Решение о разводе было принято мгновенно, так как выяснилось, что ее бывший, Ричард, учитель старших классов и начинающий амбициозный писатель, крутил роман с заместителем главы секретариата.
— Знаешь, — сказала Талулла, — если бы это была какая-нибудь девятнадцатилетняя грудастая милашка, я бы пережила это хотя бы с остатками достоинства. Мне было жаль его, Ричарда, правда. Той женщине было сорок семь. Можешь себе представить, насколько раздавленной я себя чувствовала? В общем, — продолжила она, — Палм Спрингс действовал на меня угнетающе, так что я взяла машину напрокат и поехала в Джошуа-Три[32] зализывать раны. Я остановилась в маленьком коттеджном мотеле на трассе 62, днем гуляла по парку, а по вечерам пила текилу с молодыми ребятами, которые жили в этом же мотеле. Место было спокойное, уединенное. Кстати, не заказать ли нам в номер «Cuervo»?[33] А то мне начинает казаться, что нам сейчас так спокойно и хорошо, а это лишь затишье перед бурей. Но какой бурей, я не знаю.
Ликантропия незаметно преобразила ее, усилила интуицию, взбодрила и обострила интеллект. Из университета она вышла со степенью по английскому и вялым интересом к журналистике. Начала карьеру без особенного рвения и после нескольких лет неинтересной работы занялась продвижением семейного бизнеса Галайли. Она стала грубой и предприимчивой акулой в мире торговли, и собственное образование стало казаться ей бесполезным придатком.
Я позвонил на ресепшен, заказал бутылку «Cuervo», полдюжины лаймов — и в тысячный раз содрогнулся при мысли, что поддельные документы, которые сделал Харли, давно отслеживаются, и вслед за моим рейсом из «Хитроу» вылетели Эллис и Грейнер, оповещенные, что «Билл Моррис» обосновался в люксе «Плазы» вместе со своей новой пассией.
— И вот однажды, — продолжала она, — я оказалась в настоящем фильме ужасов. Думаю, со мной в жизни не случалось ничего более нелепого, чем в ту ночь. Во-первых, я ехала одна по пустыне. И даже не по главной дороге. Я провела день на озере Хавасу и была решительно настроена вернуться в мотель. Было не так уж поздно. Луна только появилась на небе.
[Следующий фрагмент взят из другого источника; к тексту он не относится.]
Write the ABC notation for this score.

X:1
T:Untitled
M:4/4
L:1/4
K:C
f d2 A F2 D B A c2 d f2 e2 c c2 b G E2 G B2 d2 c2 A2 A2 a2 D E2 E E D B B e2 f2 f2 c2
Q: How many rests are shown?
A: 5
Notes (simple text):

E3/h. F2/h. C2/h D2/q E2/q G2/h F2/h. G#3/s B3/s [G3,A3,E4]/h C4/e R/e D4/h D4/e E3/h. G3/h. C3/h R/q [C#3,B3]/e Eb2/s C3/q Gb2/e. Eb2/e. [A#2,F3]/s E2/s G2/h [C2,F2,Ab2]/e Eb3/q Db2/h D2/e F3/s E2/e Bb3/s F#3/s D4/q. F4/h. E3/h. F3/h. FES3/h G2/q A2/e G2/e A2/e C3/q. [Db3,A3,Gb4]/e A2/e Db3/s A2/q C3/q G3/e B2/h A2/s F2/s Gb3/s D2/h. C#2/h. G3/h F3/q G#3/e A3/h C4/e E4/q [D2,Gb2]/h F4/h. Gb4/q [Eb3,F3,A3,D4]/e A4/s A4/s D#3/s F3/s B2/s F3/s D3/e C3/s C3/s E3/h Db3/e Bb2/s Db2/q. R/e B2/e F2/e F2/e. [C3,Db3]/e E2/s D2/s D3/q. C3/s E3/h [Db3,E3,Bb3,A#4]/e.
И конечно же, машина сломалась.
Принесли «Cuervo» и лаймы. Я нашел в баре стаканы и приготовил выпить. Я знал, что это были самые лучшие минуты, дни, недели, когда любое ее движение могло натянуть струны моего члена. Я смотрел, как она откидывает голову, чтобы осушить стакан. Бледная шея, мягкие волосы, горячие уши с жемчужными сережками. «Это все ерунда, — сказал Wulf. — Потерпи немного. Просто потерпи».
— Фильм ужасов всегда подстерегает нас, — говорила она, — нужны лишь правильно сложившиеся факторы. И самый главный из них — человеческая глупость. Ты едешь себе и думаешь, какой ужас, твое бедное сердечко разбито, но вот машина глохнет, и все вокруг как будто говорит: «Мм, нет, дорогуша, ужас в том, что ты совершенно одна в пустыне, мобильник не ловит сеть, и ты уже час не встречала ни одной машины на этой дороге, да и в любом случае, ты в Америке, так что надеяться на то, что кто-то не проедет мимо и подвезет тебя — гиблое дело». Налей еще.
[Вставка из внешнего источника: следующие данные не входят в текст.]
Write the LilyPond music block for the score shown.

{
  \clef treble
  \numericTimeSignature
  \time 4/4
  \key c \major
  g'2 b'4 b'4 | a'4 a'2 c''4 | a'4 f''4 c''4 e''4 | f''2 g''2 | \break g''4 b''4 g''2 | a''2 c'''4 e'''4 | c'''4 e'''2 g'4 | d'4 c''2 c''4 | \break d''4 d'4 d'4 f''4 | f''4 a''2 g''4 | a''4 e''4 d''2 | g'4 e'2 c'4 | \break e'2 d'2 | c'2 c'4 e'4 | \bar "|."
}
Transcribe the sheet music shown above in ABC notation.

Я снова налил. И снова она откинулась назад, снова напряженная шея, поднятая грудь, сережки.
— Ты ведь могла оказаться тупой или уродливой, — сказал я, пока она утирала рот рукой.
— Как и ты.
— Если бы мы оба были такими, все было бы в порядке. Неравенство порождает все проблемы.
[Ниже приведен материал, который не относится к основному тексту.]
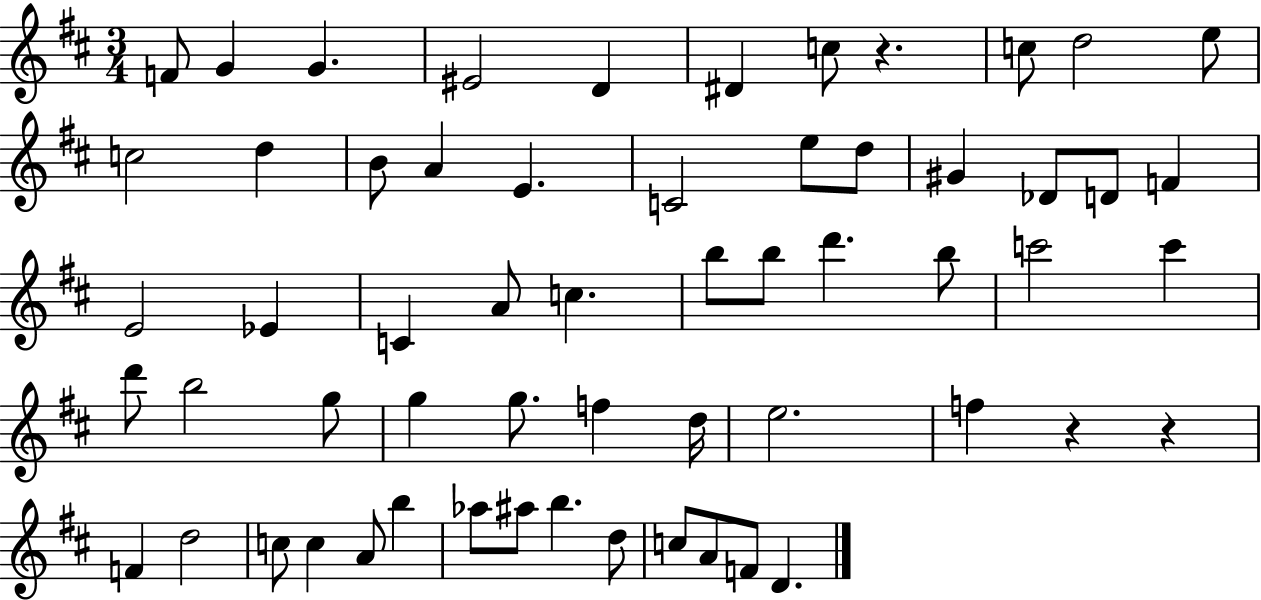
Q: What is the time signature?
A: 3/4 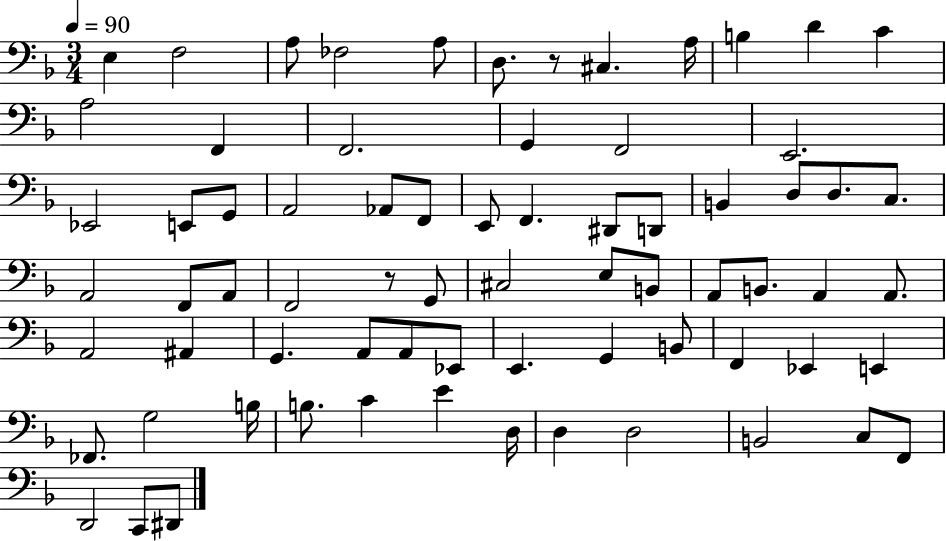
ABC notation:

X:1
T:Untitled
M:3/4
L:1/4
K:F
E, F,2 A,/2 _F,2 A,/2 D,/2 z/2 ^C, A,/4 B, D C A,2 F,, F,,2 G,, F,,2 E,,2 _E,,2 E,,/2 G,,/2 A,,2 _A,,/2 F,,/2 E,,/2 F,, ^D,,/2 D,,/2 B,, D,/2 D,/2 C,/2 A,,2 F,,/2 A,,/2 F,,2 z/2 G,,/2 ^C,2 E,/2 B,,/2 A,,/2 B,,/2 A,, A,,/2 A,,2 ^A,, G,, A,,/2 A,,/2 _E,,/2 E,, G,, B,,/2 F,, _E,, E,, _F,,/2 G,2 B,/4 B,/2 C E D,/4 D, D,2 B,,2 C,/2 F,,/2 D,,2 C,,/2 ^D,,/2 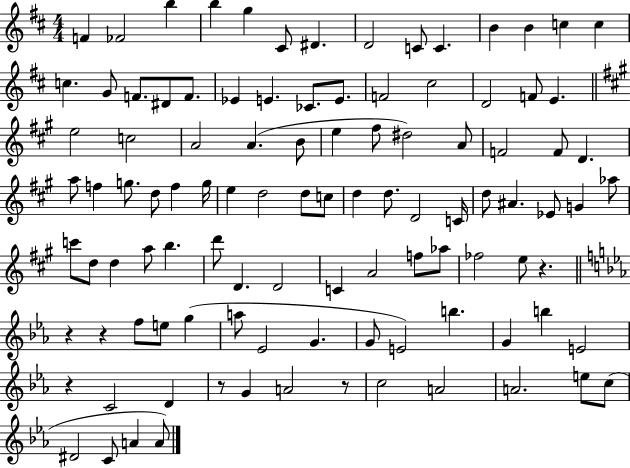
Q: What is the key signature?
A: D major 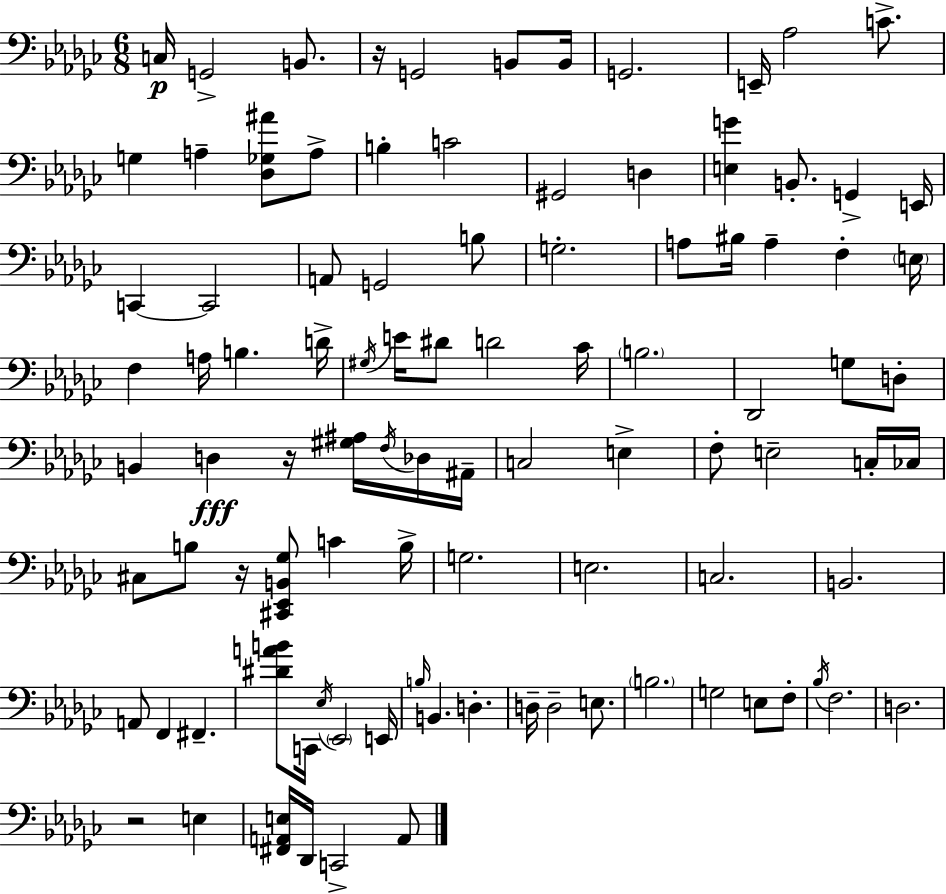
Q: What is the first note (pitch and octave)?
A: C3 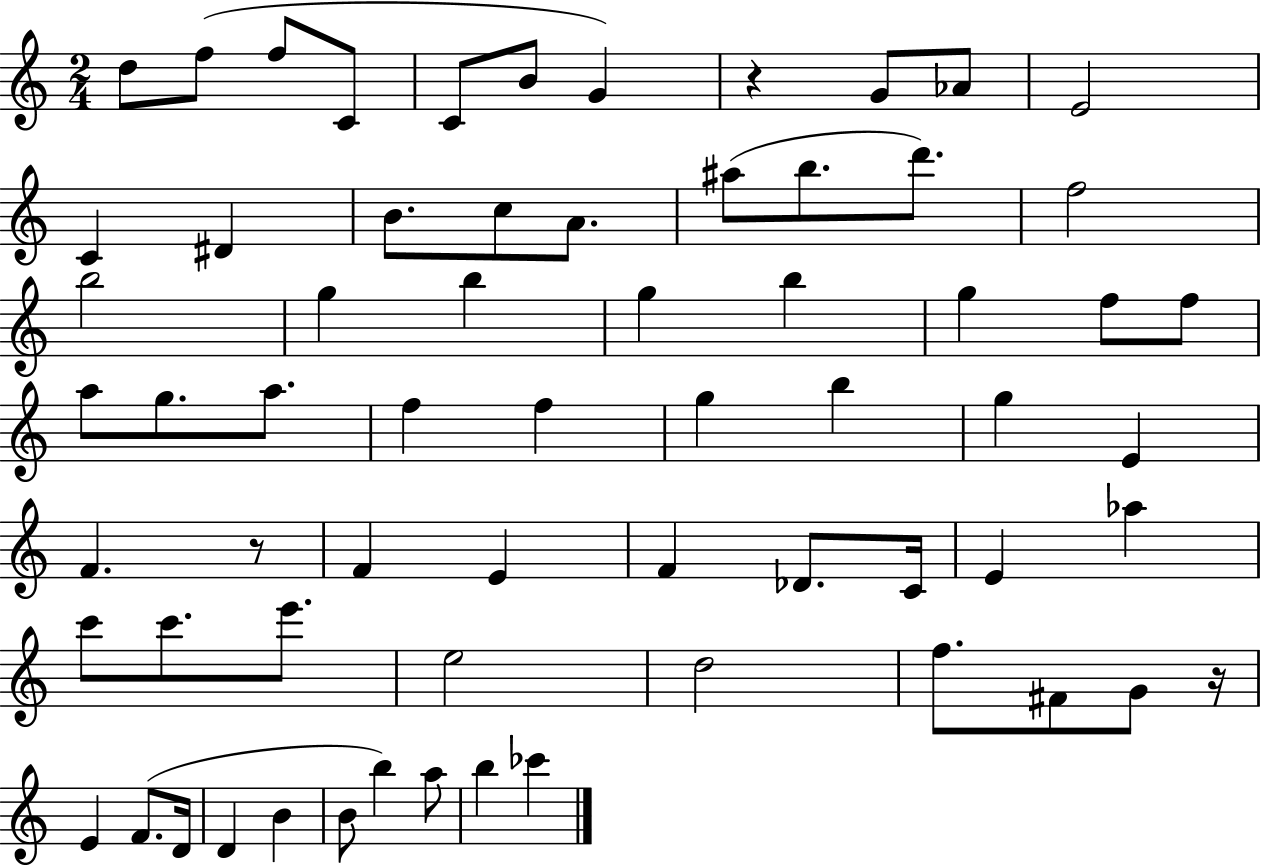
D5/e F5/e F5/e C4/e C4/e B4/e G4/q R/q G4/e Ab4/e E4/h C4/q D#4/q B4/e. C5/e A4/e. A#5/e B5/e. D6/e. F5/h B5/h G5/q B5/q G5/q B5/q G5/q F5/e F5/e A5/e G5/e. A5/e. F5/q F5/q G5/q B5/q G5/q E4/q F4/q. R/e F4/q E4/q F4/q Db4/e. C4/s E4/q Ab5/q C6/e C6/e. E6/e. E5/h D5/h F5/e. F#4/e G4/e R/s E4/q F4/e. D4/s D4/q B4/q B4/e B5/q A5/e B5/q CES6/q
— А что если бы я была умна, но уродлива?
— Поначалу это было бы ужасно, но все же лучше для долгих отношений, чем если бы ты оказалась тупой красоткой — иначе я бы однажды убил тебя. Или, скорее, ты меня. Ладно, продолжай. Ты осталась совсем одна посреди пустыни.
Она поставила стопку на столик у кровати, легла, подперев голову рукой, и посмотрела на меня. Ее глаза сказали, что первая волшебная волна захлестнувшего нас счастья прошла, и сейчас на нас опускались первые тени трезвого реализма.
— Я была уверена, что в двух-трех милях должен быть какой-нибудь городишко с закусочной, супермаркетом, милыми домиками и, может, даже автомастерской. Во всяком случае, там уж точно есть телефон. Тогда я позвоню в ААА,[34] и они приедут. Так что я двинулась в путь. Я прошла примерно с полмили, когда вдруг появился вертолет.
Я изучал ее руку, думая о ее истории, наслаждаясь лишь тем очевидным фактом, что эта рука принадлежала ей. Белая, с длинными ненакрашенными ногтями. На среднем пальце она носила большое кольцо с опалом. Я представил, как она трогает клитор с ловкой уверенностью, как все американки, и образ этого пальца с кольцом, с лукавой целью пробирающегося между мягких темных волос на лобке, чуть не заставил меня кончить.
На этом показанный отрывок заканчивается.